3 years ago, the Acholi people had no concept of joy, forgiveness was too risky and the word, grace, didn't even exist in their language.
No smiles. No playgrounds. No hope.
Since then, a lot has changed.
If you visit Abaana's Hope in the bush of Northern Uganda...
You'll smell breakfast being served at sunrise, as men and women who were once child soldiers and sex slaves gather together to learn about true freedom, found only in Jesus Christ.
You'll hear villagers of all ages worshiping, laughing, dancing with the help of their favorite musical instrument: the electric piano.
You'll see 150 children crammed in a single room eager to learn scripture, as their leaders share stories of missionaries like Hudson Taylor, who left his home in England conquered sickness, doubts and fear to bring the gospel to those who had never heard it in China.
At Abaana's Hope, these children are not only taught what it means to follow Jesus, but also their responsibility to share that good news with others as well. Although their parents had a much different upbringing...
During the war, the LRA abducted 30,000 children from their homes and gave them a choice:
become a child soldier/sex slave or be killed immediately.
100,000 people were murdered.
5-million villagers forced to flee their homes.
To put that number in perspective, 4.8 million people live in the state of Alabama, so even if every Alabama resident was forced into homelessness it would still be 200,000 people short.
Today, weeds suffocate the remains of a bombed church. Bullet holes decorate trees. Shell cases sit beneath the soil.
Even with evidence of war at nearly every corner, joy has crept into the hearts of villagers, one follower of Christ at a time.
Meet Scovia.

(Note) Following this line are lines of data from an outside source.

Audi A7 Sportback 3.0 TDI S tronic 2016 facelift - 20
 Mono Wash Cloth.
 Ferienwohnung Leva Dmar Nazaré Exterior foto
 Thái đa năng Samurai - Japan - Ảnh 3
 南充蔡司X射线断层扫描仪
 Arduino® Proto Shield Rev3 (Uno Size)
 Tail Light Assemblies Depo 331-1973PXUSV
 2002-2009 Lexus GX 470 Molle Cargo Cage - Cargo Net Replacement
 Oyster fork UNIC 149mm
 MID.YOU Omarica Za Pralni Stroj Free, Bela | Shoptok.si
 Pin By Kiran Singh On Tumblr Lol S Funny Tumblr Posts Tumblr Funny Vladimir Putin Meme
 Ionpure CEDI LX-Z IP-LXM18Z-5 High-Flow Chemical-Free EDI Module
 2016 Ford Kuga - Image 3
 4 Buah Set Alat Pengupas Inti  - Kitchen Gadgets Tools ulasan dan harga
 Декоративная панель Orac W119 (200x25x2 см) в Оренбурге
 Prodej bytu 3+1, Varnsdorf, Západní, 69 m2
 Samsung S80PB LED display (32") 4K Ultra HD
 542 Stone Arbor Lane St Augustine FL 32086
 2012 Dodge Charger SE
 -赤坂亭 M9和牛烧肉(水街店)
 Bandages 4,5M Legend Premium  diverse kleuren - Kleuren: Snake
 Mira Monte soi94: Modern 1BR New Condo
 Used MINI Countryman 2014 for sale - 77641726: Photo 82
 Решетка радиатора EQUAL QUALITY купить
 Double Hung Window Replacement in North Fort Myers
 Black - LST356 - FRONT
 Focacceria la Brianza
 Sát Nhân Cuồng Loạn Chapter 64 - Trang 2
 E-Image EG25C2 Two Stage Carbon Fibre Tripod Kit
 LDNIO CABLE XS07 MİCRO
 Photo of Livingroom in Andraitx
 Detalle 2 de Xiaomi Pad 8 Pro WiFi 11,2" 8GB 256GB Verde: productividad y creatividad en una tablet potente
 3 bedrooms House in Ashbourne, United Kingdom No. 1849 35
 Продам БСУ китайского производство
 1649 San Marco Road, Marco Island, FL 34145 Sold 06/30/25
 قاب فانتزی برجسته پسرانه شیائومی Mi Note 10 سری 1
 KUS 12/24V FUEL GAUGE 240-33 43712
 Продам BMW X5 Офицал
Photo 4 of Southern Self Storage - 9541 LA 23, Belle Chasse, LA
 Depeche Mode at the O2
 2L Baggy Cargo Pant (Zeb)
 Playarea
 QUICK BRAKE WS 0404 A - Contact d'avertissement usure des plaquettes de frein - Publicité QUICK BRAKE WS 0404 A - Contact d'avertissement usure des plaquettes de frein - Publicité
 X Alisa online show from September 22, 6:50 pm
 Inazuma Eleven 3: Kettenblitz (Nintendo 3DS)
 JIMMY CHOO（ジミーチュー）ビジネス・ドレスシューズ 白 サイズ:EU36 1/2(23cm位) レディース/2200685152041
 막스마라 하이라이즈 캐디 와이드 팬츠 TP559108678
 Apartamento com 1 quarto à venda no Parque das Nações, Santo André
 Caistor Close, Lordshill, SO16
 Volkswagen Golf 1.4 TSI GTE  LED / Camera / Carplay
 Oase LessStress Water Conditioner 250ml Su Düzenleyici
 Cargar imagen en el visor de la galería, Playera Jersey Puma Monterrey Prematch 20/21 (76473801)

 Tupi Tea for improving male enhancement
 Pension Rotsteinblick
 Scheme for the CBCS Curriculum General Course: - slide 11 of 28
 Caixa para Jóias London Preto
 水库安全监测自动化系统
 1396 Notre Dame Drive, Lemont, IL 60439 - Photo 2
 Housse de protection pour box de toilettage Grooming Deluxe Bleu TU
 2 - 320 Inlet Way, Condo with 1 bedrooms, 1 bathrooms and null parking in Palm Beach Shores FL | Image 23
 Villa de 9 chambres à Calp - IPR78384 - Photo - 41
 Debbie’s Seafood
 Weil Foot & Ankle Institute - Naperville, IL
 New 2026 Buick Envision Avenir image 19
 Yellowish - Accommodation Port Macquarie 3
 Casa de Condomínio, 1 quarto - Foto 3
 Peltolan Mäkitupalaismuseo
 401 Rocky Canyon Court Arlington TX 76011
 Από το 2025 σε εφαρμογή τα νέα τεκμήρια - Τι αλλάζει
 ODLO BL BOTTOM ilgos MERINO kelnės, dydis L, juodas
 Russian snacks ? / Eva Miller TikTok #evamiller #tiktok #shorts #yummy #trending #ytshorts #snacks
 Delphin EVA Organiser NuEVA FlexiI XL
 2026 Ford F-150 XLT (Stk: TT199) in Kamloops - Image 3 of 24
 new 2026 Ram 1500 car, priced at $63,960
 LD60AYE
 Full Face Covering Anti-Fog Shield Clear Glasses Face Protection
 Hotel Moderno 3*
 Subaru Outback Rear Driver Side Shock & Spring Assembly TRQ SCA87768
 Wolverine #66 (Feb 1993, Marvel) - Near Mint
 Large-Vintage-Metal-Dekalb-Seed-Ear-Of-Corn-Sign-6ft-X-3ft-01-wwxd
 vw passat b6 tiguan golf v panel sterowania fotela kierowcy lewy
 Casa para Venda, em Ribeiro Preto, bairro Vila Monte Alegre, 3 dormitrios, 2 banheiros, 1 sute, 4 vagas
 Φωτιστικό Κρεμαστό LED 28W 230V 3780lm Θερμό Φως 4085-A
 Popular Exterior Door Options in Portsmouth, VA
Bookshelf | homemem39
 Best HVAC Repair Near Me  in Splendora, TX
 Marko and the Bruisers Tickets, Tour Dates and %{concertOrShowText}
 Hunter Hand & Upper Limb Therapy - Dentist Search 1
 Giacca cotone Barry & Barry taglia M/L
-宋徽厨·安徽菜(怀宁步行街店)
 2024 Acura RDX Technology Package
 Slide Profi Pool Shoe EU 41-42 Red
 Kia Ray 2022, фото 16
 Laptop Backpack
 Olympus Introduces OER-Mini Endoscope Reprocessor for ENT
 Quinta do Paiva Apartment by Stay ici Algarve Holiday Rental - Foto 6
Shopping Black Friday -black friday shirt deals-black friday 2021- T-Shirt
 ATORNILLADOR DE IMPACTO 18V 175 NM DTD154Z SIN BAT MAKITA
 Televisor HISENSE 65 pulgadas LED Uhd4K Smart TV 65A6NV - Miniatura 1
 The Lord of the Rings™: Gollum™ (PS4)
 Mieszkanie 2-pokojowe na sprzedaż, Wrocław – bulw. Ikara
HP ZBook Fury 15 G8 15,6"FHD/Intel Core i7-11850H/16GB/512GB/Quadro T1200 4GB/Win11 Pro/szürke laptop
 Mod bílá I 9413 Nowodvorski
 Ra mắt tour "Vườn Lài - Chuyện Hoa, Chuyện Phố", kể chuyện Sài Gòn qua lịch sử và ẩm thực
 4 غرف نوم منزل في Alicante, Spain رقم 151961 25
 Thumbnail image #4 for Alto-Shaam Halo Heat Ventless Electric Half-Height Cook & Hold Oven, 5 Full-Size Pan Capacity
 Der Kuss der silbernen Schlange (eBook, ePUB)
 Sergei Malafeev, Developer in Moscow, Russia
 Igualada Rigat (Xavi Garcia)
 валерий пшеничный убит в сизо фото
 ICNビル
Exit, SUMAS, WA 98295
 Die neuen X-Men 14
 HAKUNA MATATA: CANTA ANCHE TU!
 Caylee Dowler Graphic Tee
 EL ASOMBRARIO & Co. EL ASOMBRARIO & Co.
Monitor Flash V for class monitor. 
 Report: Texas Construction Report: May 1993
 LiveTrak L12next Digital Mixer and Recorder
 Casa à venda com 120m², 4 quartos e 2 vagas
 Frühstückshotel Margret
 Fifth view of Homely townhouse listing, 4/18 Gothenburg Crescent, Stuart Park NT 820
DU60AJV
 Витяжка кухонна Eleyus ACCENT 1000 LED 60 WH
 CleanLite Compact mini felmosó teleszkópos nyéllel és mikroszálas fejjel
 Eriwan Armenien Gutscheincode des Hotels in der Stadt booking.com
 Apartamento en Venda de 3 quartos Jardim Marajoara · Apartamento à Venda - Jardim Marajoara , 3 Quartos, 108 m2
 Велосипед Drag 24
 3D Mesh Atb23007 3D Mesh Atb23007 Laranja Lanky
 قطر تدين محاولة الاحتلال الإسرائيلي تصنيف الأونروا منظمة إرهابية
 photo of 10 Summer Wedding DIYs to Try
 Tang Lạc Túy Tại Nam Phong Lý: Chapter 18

At 26-years old she still wears a daily reminder of her former life as a child soldier and sex slave lodged in the top of her left arm; but she stands tall because she's proud. Not proud of her past.
Her voice still quivers as she speaks about the innocent people the Lord's Resistance Army forced her to behead at just 8 years old. The same age American children were starting kindergarten, Scovia was taken from her parents and taught to shoot a gun--by practicing on people.
At one point, she grew sick with cholera and the LRA left her to die by a dried-up well.
Today, Scovia has a new identity: Follower of Jesus Christ. As she shares her story, she boasts about the love of her great savior and provider.
One of the most influential people in the Christian faith also had a past he wasn't proud of in persecuting Christians. Paul, who's name was formally Saul, humbly admitted, “by the grace of God I am what I am," a sentiment Scovia shares as well.
When asked about God's purpose behind her painful past, Scovia said she's learned forgiveness - how to willingly receive it and how to mercifully give it.
Scovia reminded me, God knows all that has happened and all that will happen and He doesn’t make mistakes.
Meet Grace. The LRA kidnapped her at just 12-years old. During her 8 years as a child solider, she was promoted all the way up to Commander.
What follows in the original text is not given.